During his tenure Stimac said he would strive to “organise, develop and improve” youngsters, which was his primary reason for applying for the job, following the departure of Englishman Stephen Constantine after India’s first round exit at the AFC Asian Cup.

“The ISL has professionalism and top players. We need to find a way to speed up the growth of I-League clubs,” the 51-year-old said.

While modern football is taking rapid strides in advancement with the advent of technology, Stimac said Indian football should also grow exponentially to make up lost ground. He is currently conducting a preparatory camp in New Delhi for the King’s Cup, to be held in Thailand from June 5.

The 1998 World Cupper has conducted physical tests on the assembled players and will duly prune it down to 23 before India flies to Thailand on June 1. Stimac would work on the technical aspect of players after they have reached the desired physical conditions.

“I am happy with the response of players. We don’t have much time.”

He has identified several deficiencies in India’s Asian Cup performances and would work with the called-up players towards solving them.

Stimac said Sunil Chhetri (centre) is a very valuable & experienced player but he too needs to fight for his place in the team.

“India conceded goals due to lack of concentration. There was also a dearth of tactical movement during games. We need quick, agile players at the centre of the pitch who would concentrate on the thick of action and would react quickly to the second ball,” Stimac, capped 53 times by his country, opined.
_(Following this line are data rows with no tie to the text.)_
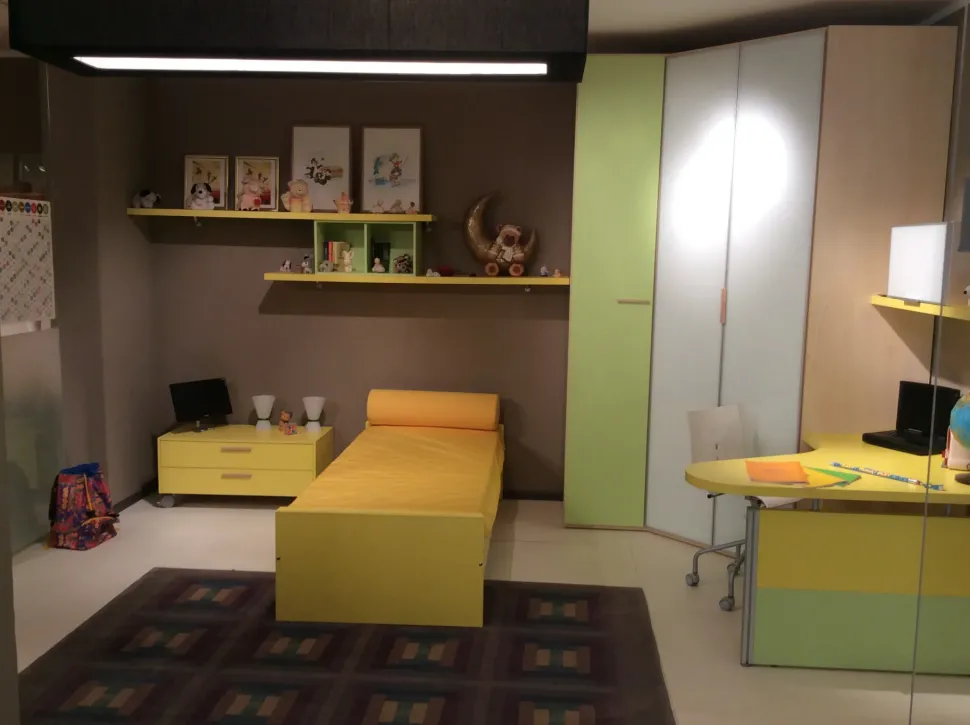 Progetta la tua cameretta Qik Doimo Cityline in laminato opaco a prezzo Outlet!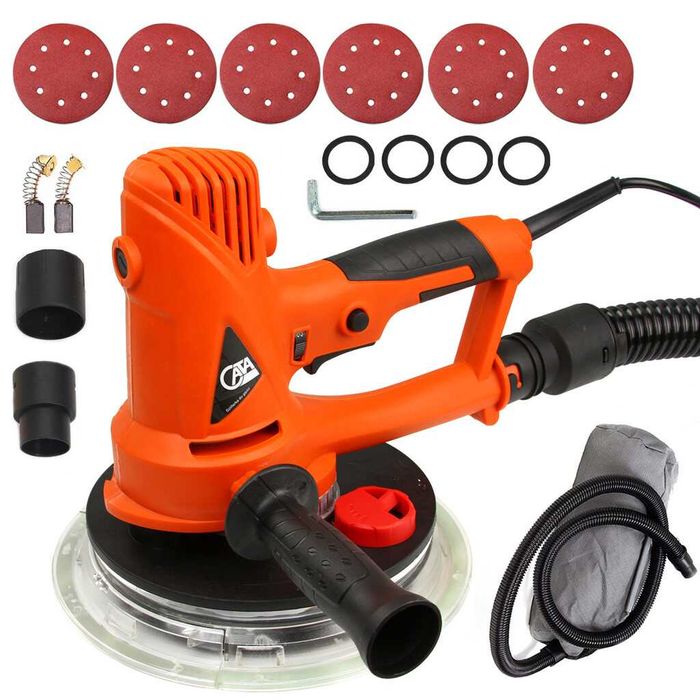 Szlifierka do Gipsu Gładzi Tynku 180mm Cata Led+ Papier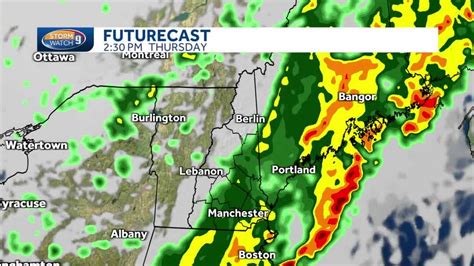 NH forecast video: Steady rain, some storms moving through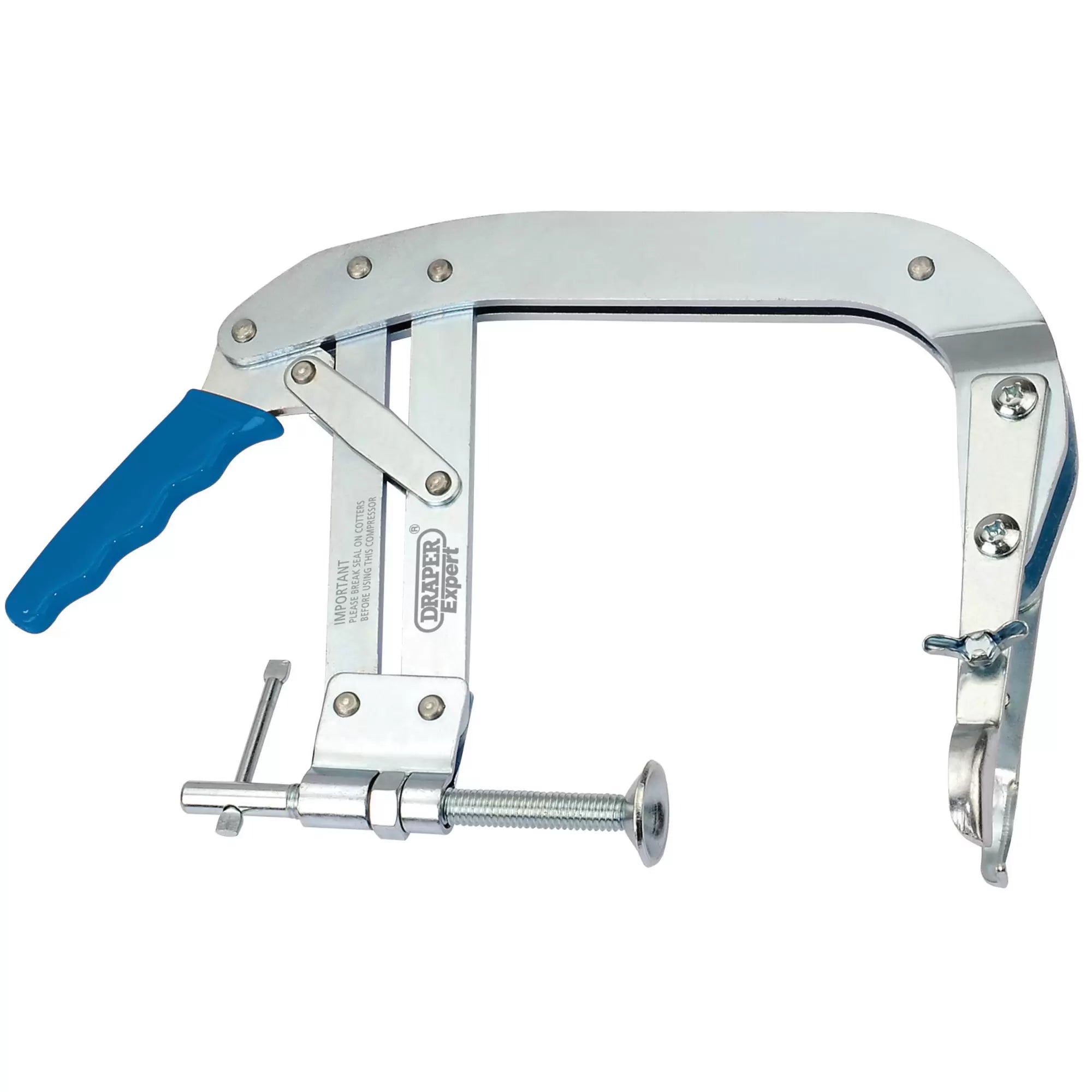 Draper Tools - 02342 - Draper Expert Valve Spring Compressor, 75 - 165mm Capacity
In order to achieve that, he would need a strong backline, which is why his primary objective now is to find more central defenders who would compete for first team places.

“All good things start with good defending,” the former centre back remarked, adding that eventually he would look to add more offensive options, so that “we can move from one system to another” seamlessly.

Doru said Indians need to be well versed with the “synchronised” approach of modern football, for which he has already developed a strategic plan for the next four years, to be implemented by the age-group national team coaches and the club coaches.

“Indians are not overtly physical. But they are quick and agile, which we plan to harness,” said the Romanian.